Estados Unidos e Irán mantienen abiertos los canales de negociación en medio de una nueva escalada verbal. Trump afirmó que las conversaciones son “muy positivas”, pero calificó como “inaceptable” la propuesta iraní y anunció el “Proyecto Libertad” para garantizar la navegación en el estrecho de Ormuz.
TEHERÁN.– Estados Unidos e Irán mantienen abiertos los canales de negociación en medio de una nueva escalada verbal que vuelve a tensionar el frágil equilibrio alcanzado tras el alto el fuego del 8 de abril. Aunque ambas partes intercambian propuestas, sus posiciones continúan alejadas y el desenlace permanece incierto, con la posibilidad de una reanudación del conflicto aún sobre la mesa.
El presidente estadounidense, Donald Trump, afirmó este fin de semana que sus representantes mantienen “conversaciones muy positivas” con Teherán, en un mensaje publicado en su red Truth Social. “Soy plenamente consciente de que mis representantes están manteniendo conversaciones muy positivas con el país de Irán, y de que estas conversaciones podrían conducir a algo muy positivo para todos”, escribió.
Sin embargo, el tono conciliador contrastó con sus declaraciones posteriores sobre la propuesta iraní. El mandatario calificó como “inaceptable” el plan presentado por Teherán, al tiempo que reiteró que una acción militar sigue siendo una opción. “No puedo imaginar que sea aceptable”, sostuvo, y advirtió que un nuevo ataque es “una posibilidad”.
Por otro lado, Trump anunció el lanzamiento del llamado “Proyecto Libertad”, una iniciativa que, según explicó, comenzará el lunes y que apunta a garantizar la seguridad de la navegación en la región. “Hemos dicho a estos países que guiaremos sus barcos de manera segura fuera de estas vías navegables restringidas, para que puedan continuar con sus negocios libre y eficazmente”, indicó.
Del lado iraní, el Ministerio de Relaciones Exteriores confirmó la recepción de la respuesta estadounidense a su iniciativa diplomática, estructurada en 14 puntos. “La respuesta estadounidense llegó, la estamos analizando”, declaró el vocero Esmail Baghaei. El plan busca poner fin al conflicto en un plazo de 30 días e incluye demandas como el levantamiento de sanciones, la liberación de fondos congelados, la retirada de fuerzas estadounidenses de países vecinos y garantías de no agresión.
No obstante, Teherán dejó en claro que su propuesta excluye cualquier compromiso sobre su programa nuclear, uno de los principales puntos de fricción con Washington e Israel. “Nuestro plan se centra exclusivamente en poner fin a la guerra”, subrayó Baghaei.

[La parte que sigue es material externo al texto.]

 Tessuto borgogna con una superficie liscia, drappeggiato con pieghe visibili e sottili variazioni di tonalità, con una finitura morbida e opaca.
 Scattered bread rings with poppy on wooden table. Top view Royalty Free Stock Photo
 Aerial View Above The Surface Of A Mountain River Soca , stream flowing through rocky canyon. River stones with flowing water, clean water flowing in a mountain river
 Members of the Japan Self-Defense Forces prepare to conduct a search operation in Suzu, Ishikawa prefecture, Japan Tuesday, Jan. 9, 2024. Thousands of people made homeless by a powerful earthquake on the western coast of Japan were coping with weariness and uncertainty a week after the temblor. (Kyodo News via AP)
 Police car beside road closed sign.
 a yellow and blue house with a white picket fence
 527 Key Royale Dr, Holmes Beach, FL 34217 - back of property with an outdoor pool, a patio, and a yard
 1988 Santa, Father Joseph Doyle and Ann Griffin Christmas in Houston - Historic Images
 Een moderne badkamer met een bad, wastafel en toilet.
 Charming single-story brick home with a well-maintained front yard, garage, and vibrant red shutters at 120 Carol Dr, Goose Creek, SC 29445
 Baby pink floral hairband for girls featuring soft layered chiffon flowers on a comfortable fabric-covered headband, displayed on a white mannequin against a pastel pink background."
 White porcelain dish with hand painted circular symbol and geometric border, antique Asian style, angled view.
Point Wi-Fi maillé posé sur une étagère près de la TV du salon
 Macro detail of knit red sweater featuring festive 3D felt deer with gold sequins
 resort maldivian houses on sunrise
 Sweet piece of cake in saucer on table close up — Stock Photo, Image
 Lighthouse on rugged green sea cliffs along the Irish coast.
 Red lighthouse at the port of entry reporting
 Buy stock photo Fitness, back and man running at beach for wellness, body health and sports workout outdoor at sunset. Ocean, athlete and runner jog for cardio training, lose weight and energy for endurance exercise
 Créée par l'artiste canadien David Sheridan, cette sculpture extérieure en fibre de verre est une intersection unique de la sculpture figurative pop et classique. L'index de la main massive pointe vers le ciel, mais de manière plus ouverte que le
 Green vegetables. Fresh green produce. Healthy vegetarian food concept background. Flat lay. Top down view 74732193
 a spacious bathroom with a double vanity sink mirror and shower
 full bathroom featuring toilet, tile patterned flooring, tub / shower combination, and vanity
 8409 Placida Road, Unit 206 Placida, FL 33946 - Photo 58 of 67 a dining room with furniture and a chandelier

El intercambio se produce a través de Pakistán, que actúa como mediador, tras el fracaso de las negociaciones directas celebradas en Islamabad el 11 de abril. Mientras las gestiones diplomáticas avanzan con dificultad, la retórica entre ambos países se endurece. Los miembros de la Guardia Revolucionaria iraní advirtieron que Estados Unidos debe elegir entre una operación militar “imposible” o un “mal acuerdo” con la República Islámica.
En paralelo, Estados Unidos mantiene una fuerte presión económica sobre Irán. El bloqueo al estrecho de Ormuz —clave para el comercio global de hidrocarburos— continúa siendo el núcleo del conflicto. Desde Washington, el asesor económico Kevin Hassett confirmó que las restricciones siguen vigentes. El secretario del Tesoro, Scott Bessent, aseguró que las sanciones están teniendo un impacto significativo. “Los estamos asfixiando”, afirmó.
La situación en el estratégico estrecho de Ormuz, por donde circula cerca de una quinta parte del comercio mundial de petróleo y gas, volvió a deteriorarse en las últimas horas. Un buque de carga reportó haber sido atacado por varias embarcaciones pequeñas frente a las costas de Sirik, en Irán, según informó el centro de Operaciones de Comercio Marítimo del Reino Unido. Toda la tripulación resultó ilesa, pero el episodio se suma a al menos dos docenas de incidentes registrados en la zona desde el inicio de la guerra.